Barney realizes that the game is real, the clock is running, and his neighbors— aliens in disguise— will do anything to get the Piggy. Each tries to bribe him with a unique incentive, similar to the Judgement of Paris, but Barney turns them down. Unfortunately, by doing so, he's just entered the real game as a player representing the human race.

As Barney hurries to select his weapons and equipment before a horde of aliens descends on his cottage, he makes the startling discovery that he shares a psychic link to the Piggy. The Piggy tells him that it created the game so that it could be loved and appreciated, despite its tendency to detonate whole planets (and their surrounding solar systems) from time to time when it hiccups. Barney concludes that the object of the game is backward, and it is only the possessor of the Piggy that will be blown up.

Minutes before his home is destroyed, Barney concocts a plan to pass the Piggy off to another player convincingly enough so that it won't arouse suspicion. He tells the carnivorous lichen where to find the Piggy. However, as they approach it he realizes that the same logical inconsistency exists with Piggy's version of the story. He decides that the only explanation that makes sense is that Piggy created both stories in order to learn about new people. He abandons the Piggy and lets the lichen board their spaceship home, drawing off the other alien players. Once they depart, no damage is done to either the lichen or to Earth.

==The Piggy==
Barney determines the Piggy to be a recording device created to learn about different races throughout the galaxy. The Piggy is sentient and can communicates, but often answers questions with irrelevant recordings.

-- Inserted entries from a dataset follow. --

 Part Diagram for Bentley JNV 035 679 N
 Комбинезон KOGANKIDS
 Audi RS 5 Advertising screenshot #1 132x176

"Are you the Piggy?" I thought at it. "Is that who you are?"
"Yn swlllyyybg k'sshhhhrlkthththwzzz," the voice replied, in a kind of reptilian gurgle.

==Alien Races==
There are several alien races mentioned in the book.

The lichen are a race of carnivorous pseudo-sentient fungi. They are composed of masses of single-celled organisms who "cannot lie", which Barney uses to his advantage. He transforms into a lichen during combat and asks the neighboring lichen if it has ever seen the end of a game of Interstellar Pig. It denies this, and Barney concludes that no alien race has ever seen the ending - so the "timer" controlled by the Piggy might not even exist. In essence, the game would continue forever, allowing the Piggy to travel from species to species.

==IRSC==
The Interstellar Relative Sapience Code is a number assigned to species determining their intelligence in the game. Barney has an IRSC of 93.7. The lower the IRSC, the higher the intelligence of the race. However, whether or not this applies outside the game is unclear; Barney exhibits superior critical thinking skills when fighting the aliens, even though they have lower IRSCs.

==Related works==
- The sequel to this book, Parasite Pig, was published 18 years later, in 2002. The story picks up only a few months after the end of Interstellar Pig.
- A fictional film adaptation was referred to in the end of The Duplicate, another book by William Sleator.
- A fictional computer game is mentioned in chapter 2 of The Boy Who Reversed Himself, also by William Sleator.
- The mechanics of the "prototype" board game described in the novel are detailed enough to have inspired several fan-made games.